Anyway, I came across the incredibly gorgeous book Dovey Coe, written by Frances O’Roark Dowell, and something clicked. I don’t even know how it came to be in the house. One of the kids must have brought it home. I had grown up drawing pictures of mountains and huge families, and I married a man who was one of thirteen children . . . Lee Smith’s books also gave me great hope and joy when I was a young mother living in Los Angeles with babies and missing the mountains terribly. I knew I had to try to write a mountain girl’s story. I also wanted to open a book where a mother is putting a newborn to sleep in a drawer and a daddy is playing a banjo on the porch, and the little girl’s whole world is up in the red maple tree.

7-Imp: Can you talk a bit about the ways in which your family members helped contribute to Jessie’s Mountain as well as about the research that went into this novel (particularly, the Nashville research)?

Kerry: My daughter, Lucy Madden-Lunsford, drew the birds that are in Jessie’s Mountain as part of Mama’s girlhood journal.

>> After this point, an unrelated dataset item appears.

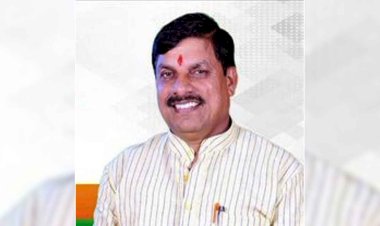 ब्रेकिंग - मोहन यादव होंगे मध्यप्रदेश के मुख्यमंत्री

I had to plead for the birds, but I knew they belonged, and my editor, Catherine Frank, agreed to look at Lucy’s art. At first I had so many birds and that wasn’t working, but choosing the most important birds made more sense, and Catherine was a great help. My son, Flannery, a musician, edited Livy Two’s songs, and Norah inspired Caroline, as she has in each of the books.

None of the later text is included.